CHAPEL HILL — Mack Brown is as curious as anyone about how good his North Carolina football team might be. And he would love for someone on the team to step up and let him know.

But whether from shell-shock or shyness, no one on his team talks.

The returning coach knew he was inheriting a team with scar tissue from seasons past, a team that got its coach fired after winning only five games in two years and is a combined 0-7 against in-state rivals Duke, N.C. State and East Carolina.

He suspects the damage has been done. But he had no idea that it would render the players speechless.

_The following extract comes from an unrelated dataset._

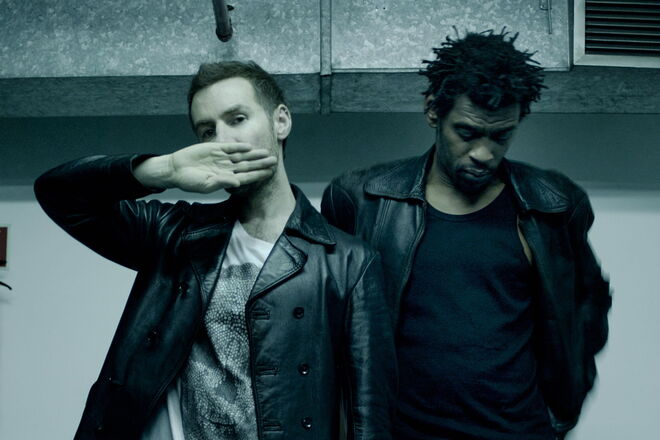 Novo ano, novos palcos, novas sonoridades. Os Massive Attack regressam a solo nacional para um muito aguardado concerto que acontece a 18 e a 19 de fevereiro no Campo Pequeno, em Lisboa. Aí será revelado MezzanineXX1, um espectáculo audiovisual com produção de Elizabeth Fraser, a vocalista dos saudosos Cocteau Twins que volta a colaborar com a banda de Bristol (desde €24).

“This team’s been very quiet,” Brown said today. “They’re not a vocal team. They laugh and cut up but they don’t call each other out. Coach-led teams are very average. Player-led teams are very good. The best teams I’ve ever coached, the players on the field and in the locker room handled all of it. They told them to shut up and do this and act right and play harder, and we’re working on that now. We’re still not there. We’re going to need that Saturday.”

The season begins in Charlotte against South Carolina, and the UNC coaches have screamed themselves hoarse waiting for someone, anyone, to step up and talk.

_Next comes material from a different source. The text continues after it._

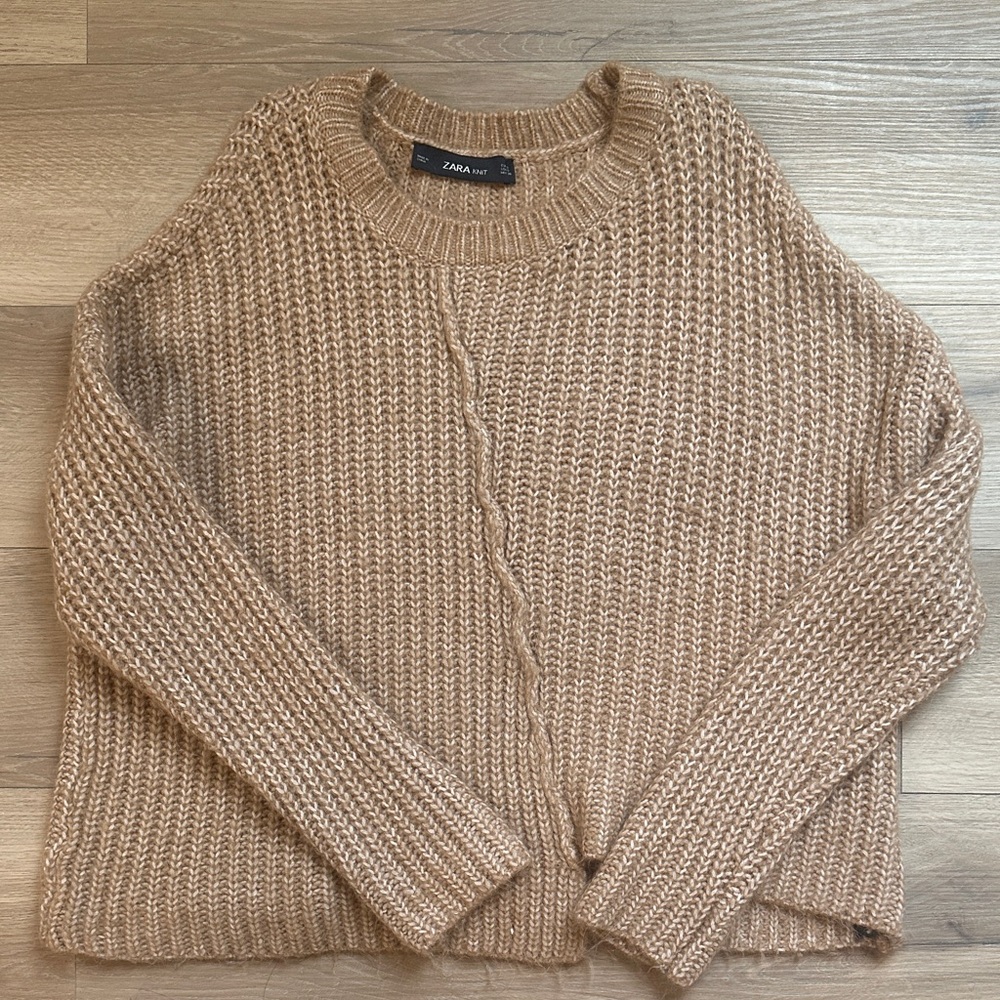 Zara Women's Camel Knit Sweater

The freshman quarterback is yet to be that guy. Sam Howell will become the first true freshman to start an opener at Carolina. Brown is waiting for him to become a leader on offense.

“He’s not a vocal guy really,” Brown said. “He leads more with his actions.They said he was more vocal this summer. I know it’s there.”

Howell is the one guy on the team with no nightmares about what led to Larry Fedora’s firing or the return of Brown to UNC.

The coaching staff has tried to encourage the players that this team’s legacy will be this year.

“We’ve talked to our guys about this is about now,” Brown said. “It’s not about my past, it’s not about their past. It’s about what we do starting on Saturday. It’s a new era or whatever you want to call it, but their legacy will be this team, this year, especially the seniors.”

But it would be nice, Brown said, if someone would step up and say something. He was hoping it might be one of the running backs, senior Antonio Williams or junior Michael Carter.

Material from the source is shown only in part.